Expander
QueryExpander is a retrieval utility that rewrites a single user query into 3–5 alternative phrasings using Claude Haiku, so that keyword search can match documents even when the user's wording doesn't overlap with the indexed text.
The retrieval recall problem
Keyword-based retrieval fails when the user's phrasing doesn't share surface-level tokens with the target document. A developer asking "how do I silence a linter warning?" will miss documents indexed under "suppressing diagnostic rules" or "disabling checks." Query expansion closes this gap by generating synonymous phrasings before the retrieval step runs.
How QueryExpander works
When you call expand(query) or expand_async(query), QueryExpander sends the query to Claude Haiku with a system prompt that instructs the model to expose the user's underlying intent — feature names, tool categories, workflow synonyms, and developer jargon — and return the results as a JSON array of strings. Your retrieval layer then fans out across all returned phrasings instead of the original query alone.
If the API call fails for any reason, QueryExpander falls back to the original query, so a network hiccup or quota error never blocks retrieval entirely.
Caching is on by default (cache=True). Repeated calls with the same query string reuse the previously generated expansions rather than making a second API call.
Construction and defaults
from attune_rag.expander import QueryExpander
expander = QueryExpander(
model="claude-haiku-4-5", # default
api_key=None, # falls back to environment credential
cache=True, # deduplicates identical queries
)
| Parameter | Default | Effect |
|---|---|---|
model |
'claude-haiku-4-5' |
Which Claude model generates the expansions |
api_key |
None |
Explicit API key; omit to use the environment credential |
cache |
True |
Caches results per unique query string |
Sync and async interfaces
QueryExpander exposes two methods with identical semantics:
expand(query: str) -> list[str]— blocking call; use this in synchronous retrieval pipelines.expand_async(query: str) -> list[str]— non-blocking call; use this when your retrieval layer is already async.

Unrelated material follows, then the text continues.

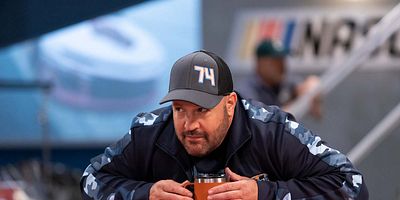 Pôster de No One Likes You. No One.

Both return a list of alternative query strings. Pass each string to your retrieval backend and merge the results before ranking.
When query expansion matters
Query expansion has the most impact when:
- Your document corpus uses technical jargon or product-specific terminology that users are unlikely to reproduce verbatim.
- You're running BM25 or another token-overlap retrieval strategy with no semantic embedding fallback.
- Query volume is low enough that the added latency and API cost per call is acceptable.
If your retrieval pipeline already uses dense vector search with broad semantic coverage, the incremental recall gain from expansion is smaller and may not justify the extra API call.